[PATCH 1/6] powerpc/code-patching: Implement generic text patching function
Benjamin Gray
bgray at linux.ibm.com
Tue Sep 20 17:01:49 AEST 2022
On Tue, 2022-09-20 at 05:44 +0000, Christophe Leroy wrote:
>
> As far as I know, cachelines are minimum 64 bytes on PPC64 aren't
> they ?
In practice maybe. I don't know what the convention is in the kernel in
cases where the ISA is less specific than what the supported machines
do.
> > Related to EA based flushing, data patching ought to run 'dcbst' on
> > the
> > 'exec_addr' too.
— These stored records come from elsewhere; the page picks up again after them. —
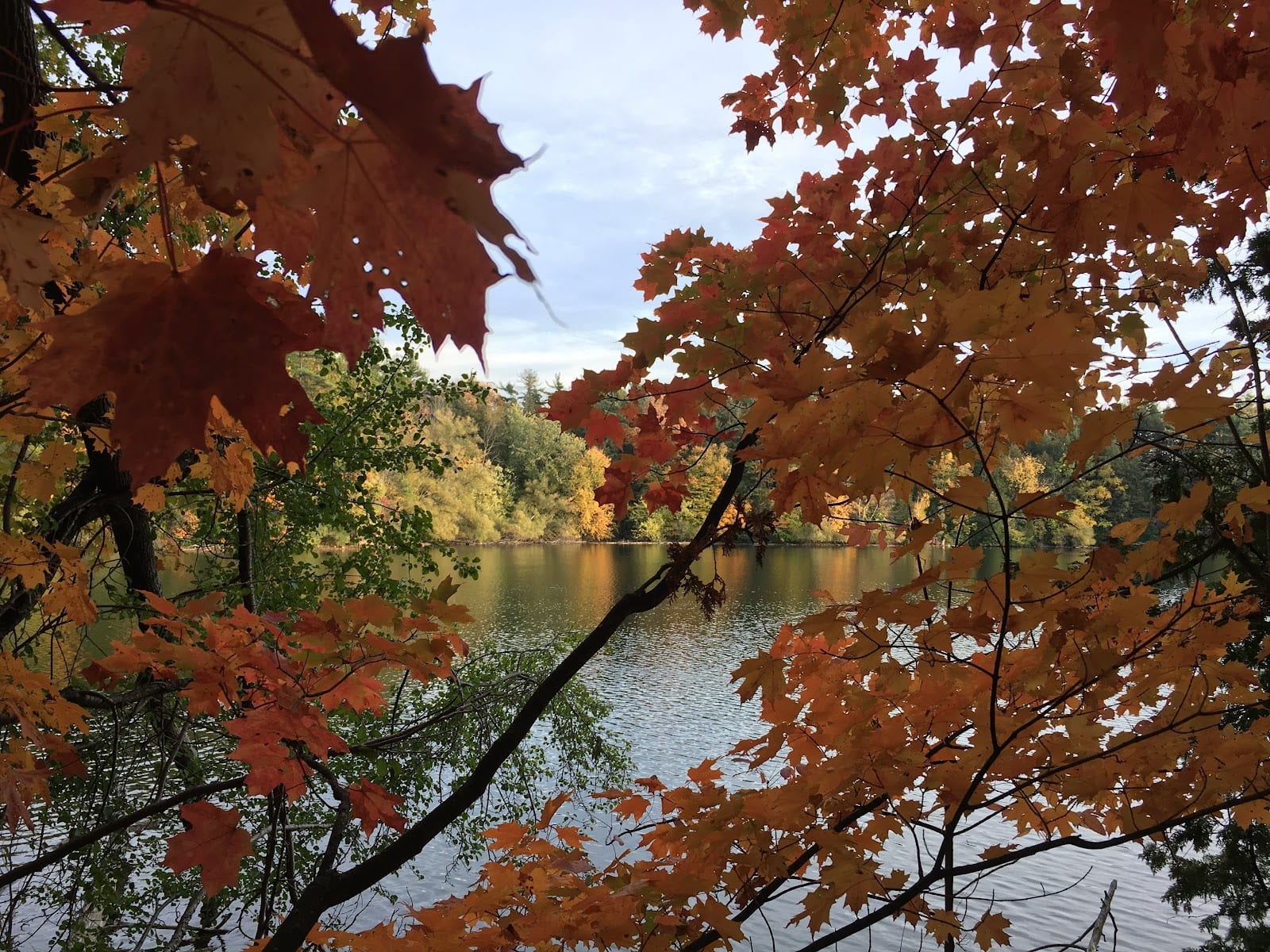 Ozark Park, photo 3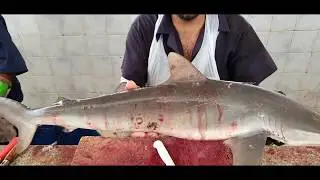 10 KG Shark Fish Cutting|| Unbelievable Shark Fish Cutting Skills 2023|| Shark Fish Meat Cutting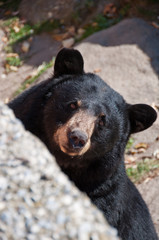 American Black Bear, North Carolina, USA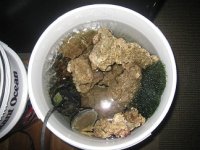 IMG_8942.JPG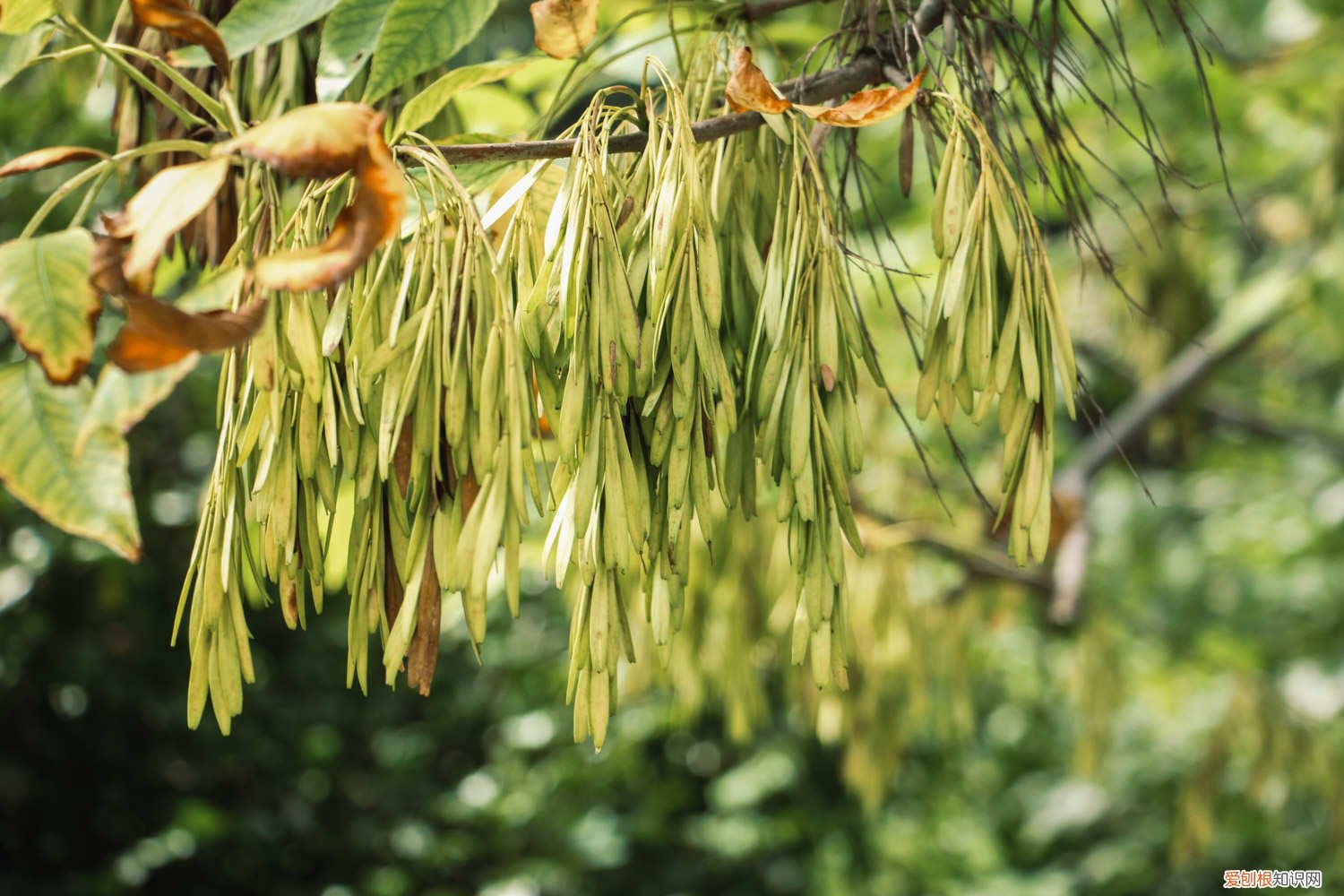 白蜡树怎么繁殖 白蜡树的养殖方法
So given the icache flush only needs to be applied
> > to
> > instruction patching, and data flush only to data patching, I plan
> > to
> > move those exec_addr syncs outside of __patch_text to the relevant
> > public instruction/data specific entry points.
>
> Why should it run 'dcbst' on the 'exec_addr' at all ? We have not
> written anything there.
>
> Anyway, powerpc handles cachelines by physical address, so no matter
> which EA you use as far as it is done.
>
> And dcbst is handled as a write by the MMU, so you just can't apply
> it
> on the read-only exec address.
I was talking with Michael Ellerman and he said that, for instructions
at least, the cache operations apply to the EA. So the exec address and
the text poke address are not interchangeable. Flushing the icache
needs to be done on the exec address, not the text poke address.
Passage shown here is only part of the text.